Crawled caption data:
· · · ·

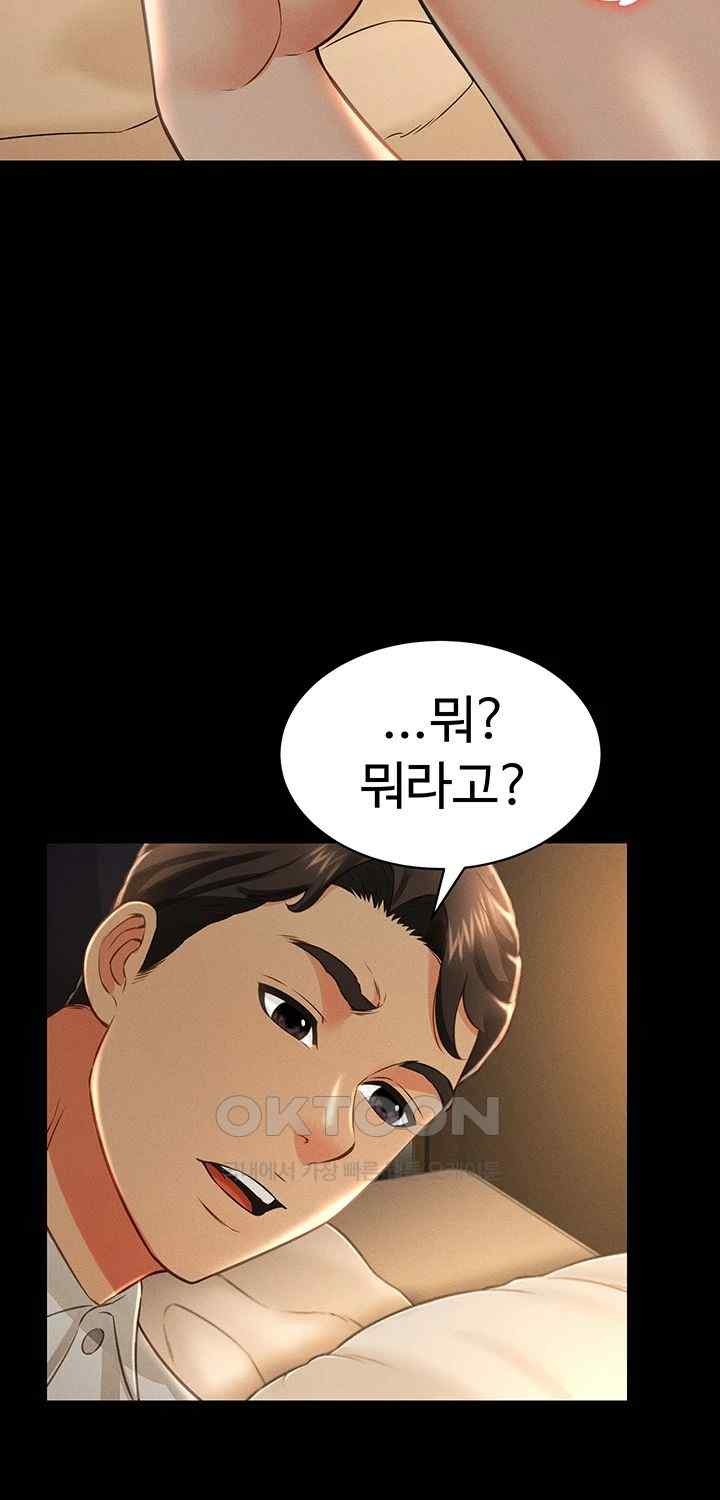 Phantom Sex King Raw Chapter 17 image 52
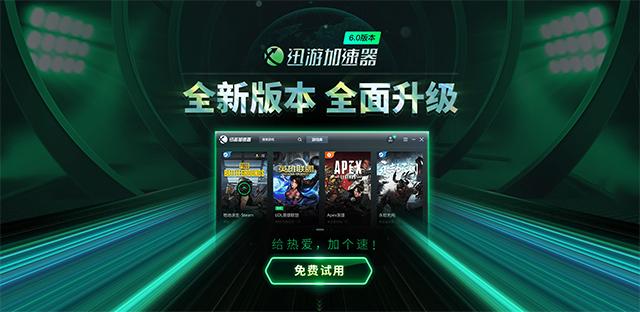 想玩米莉斯的沉沦?教你快速找到最新版本及下载方法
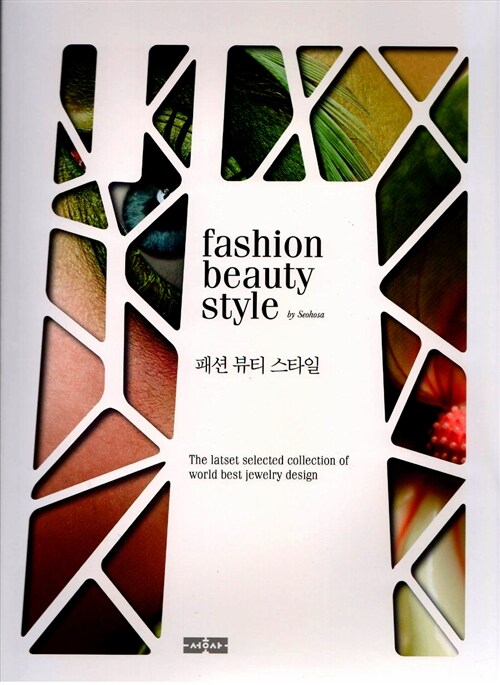 패션 뷰티 스타일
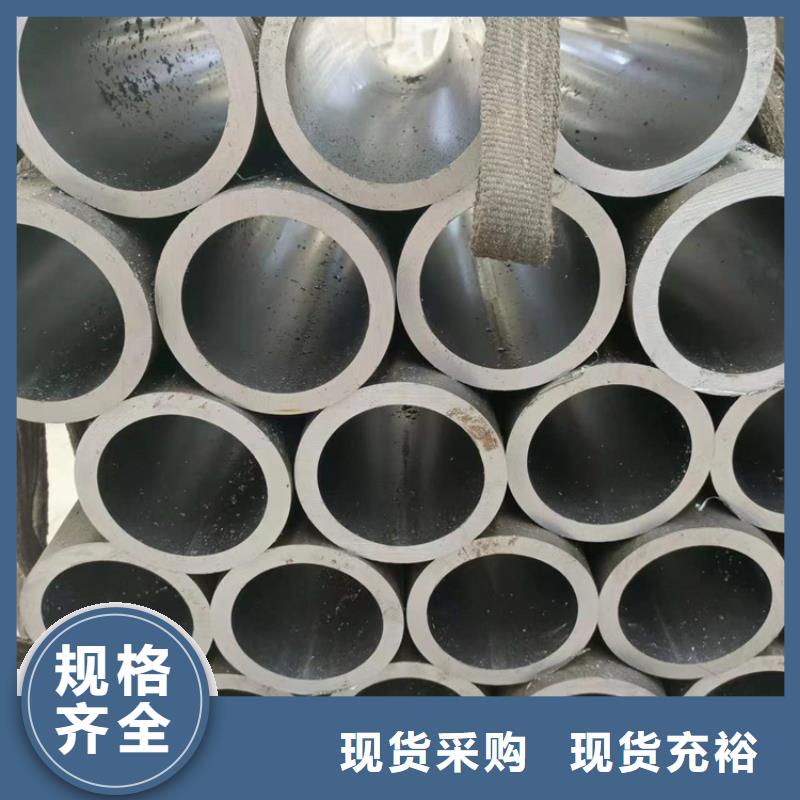 小口径研磨管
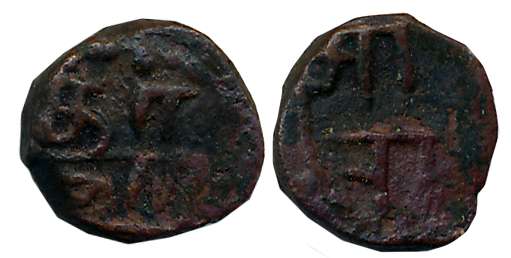 Karikal, Copper Cache, 1.02g, Obv: Tamil legend “Ka/riek/kal”, Rev: Devnagari legend “Maha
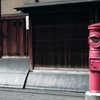 back to ・・・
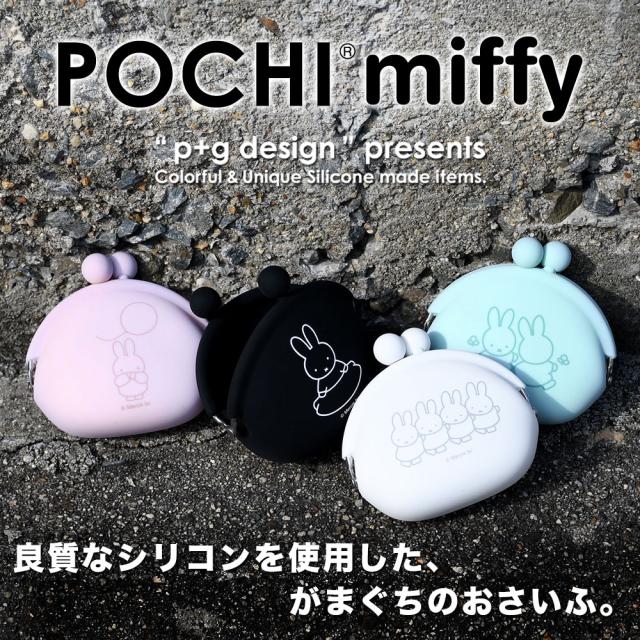 良質なシリコンを使用した、がまぐちのおさいふ。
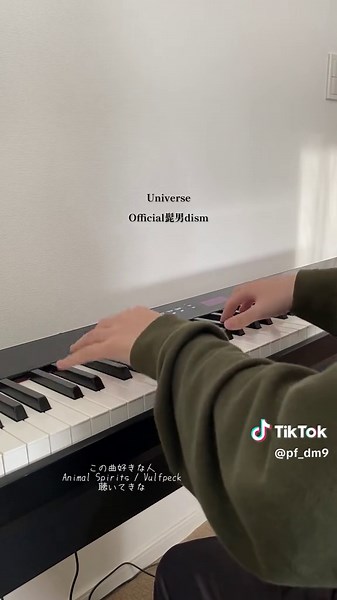 Official髭男dismの「Universe」を弾いてみた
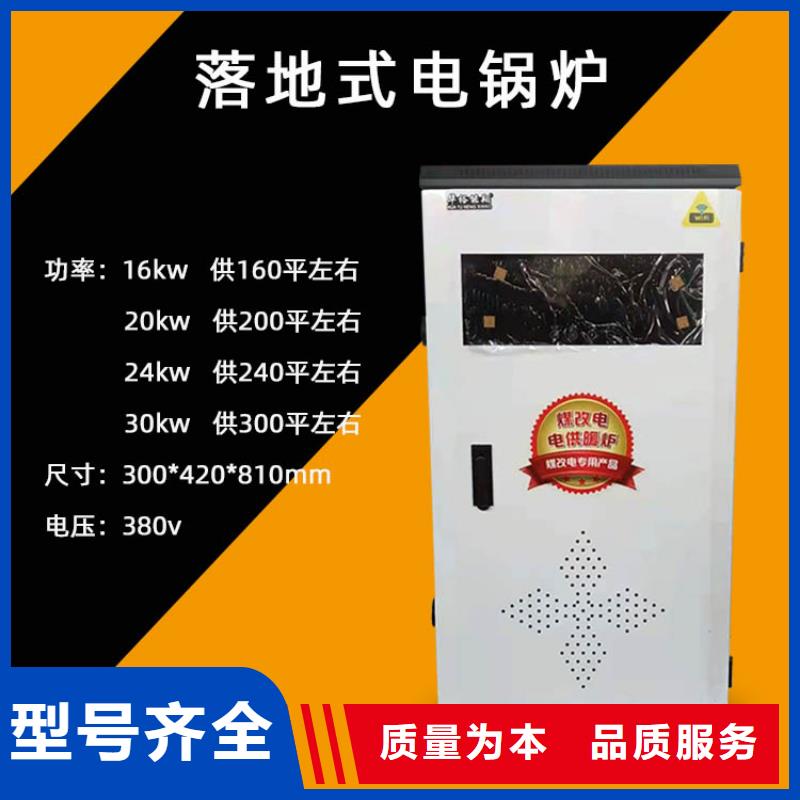 壁挂式家用电锅炉-视频-全南|大余|宜春|南昌|上饶|景德镇|新余华裕壁挂式家用电锅炉_ 华裕能翔电器科技(赣州市分公司)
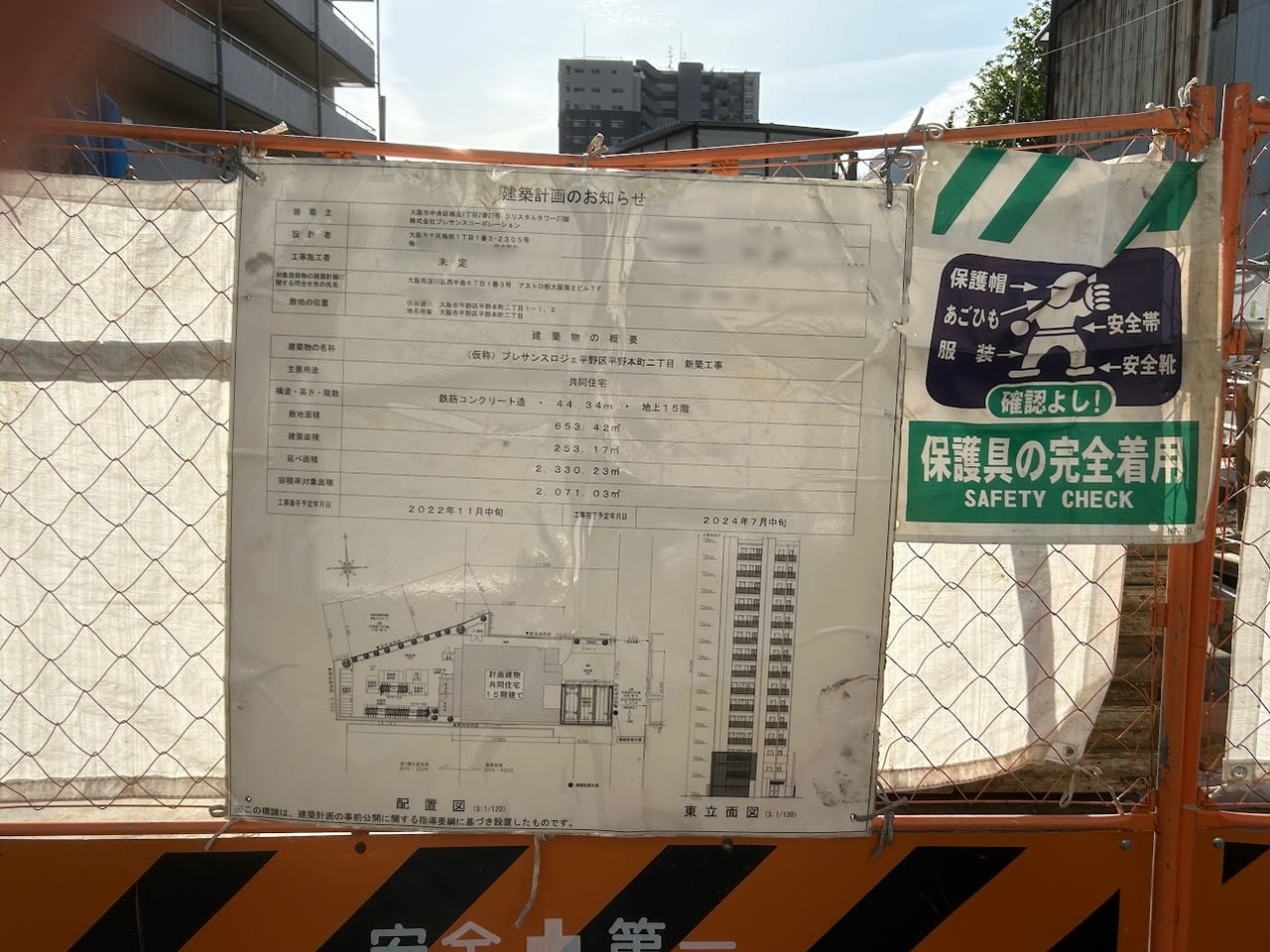 プレサンスロジェ平野本町建築計画のお知らせ①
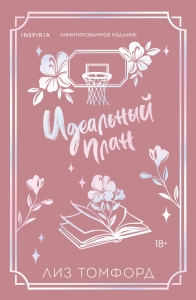 Идеальный план (Город ветров #2) (лимитированное издание)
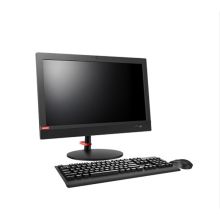 联想 启天A730-D052 一体机电脑（I5-10500/8G/1T+128GBSSD/集显/19.5寸显示器/三年保修） 黑色（单位:台）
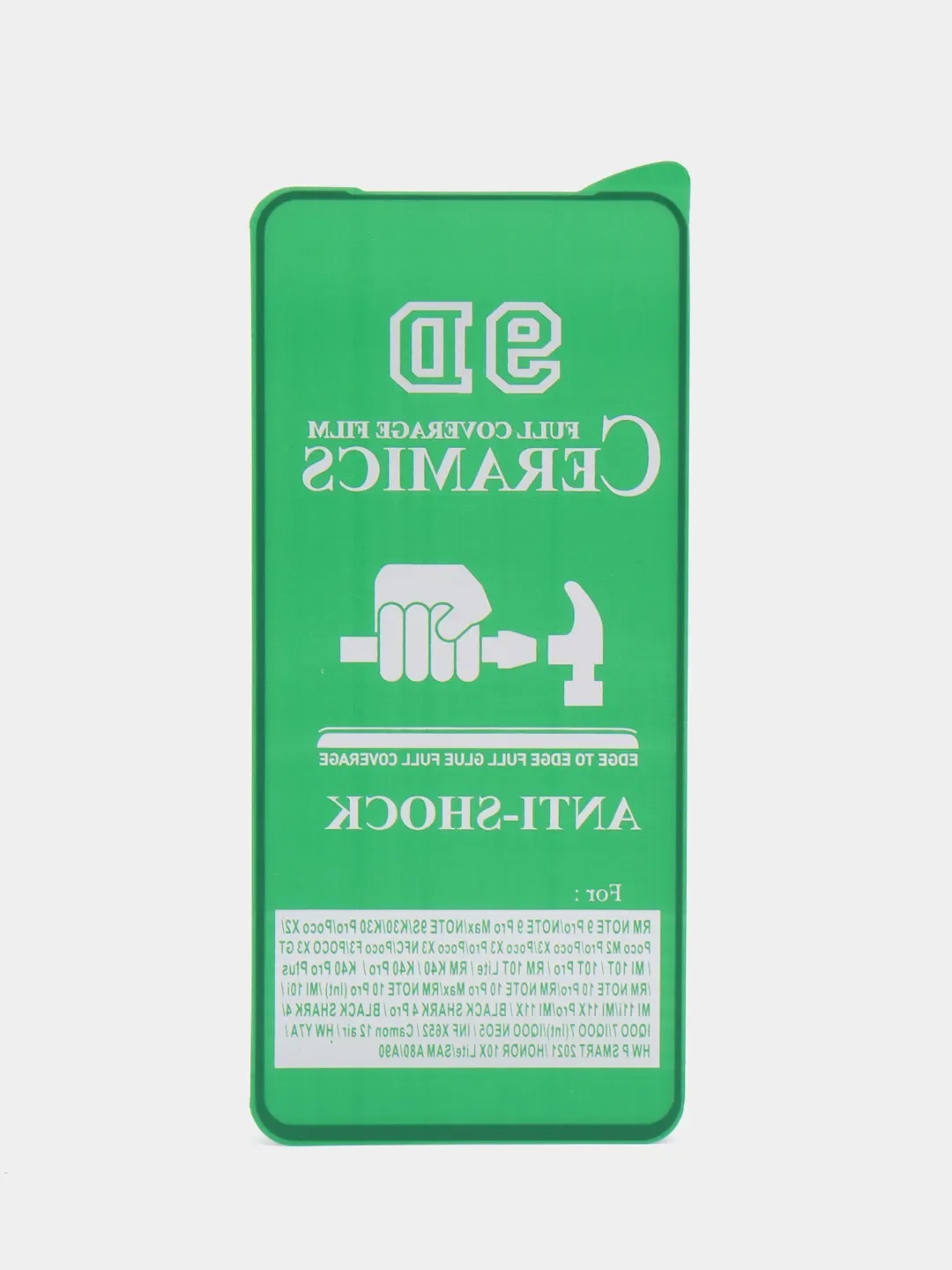Черный защитная керамическая пленка для Realme C55 (Реалми С55), стекло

· · · ·

Task directions: Reproduce the lines from the line containing "Official髭男dismの「Universe」を弾いてみた" through the end of the records above, exactly and inclusively, omitting pictures.

Answer space:
 Official髭男dismの「Universe」を弾いてみた
 壁挂式家用电锅炉-视频-全南|大余|宜春|南昌|上饶|景德镇|新余华裕壁挂式家用电锅炉_ 华裕能翔电器科技(赣州市分公司)
 プレサンスロジェ平野本町建築計画のお知らせ①
 Идеальный план (Город ветров #2) (лимитированное издание)
 联想 启天A730-D052 一体机电脑（I5-10500/8G/1T+128GBSSD/集显/19.5寸显示器/三年保修） 黑色（单位:台）
Черный защитная керамическая пленка для Realme C55 (Реалми С55), стекло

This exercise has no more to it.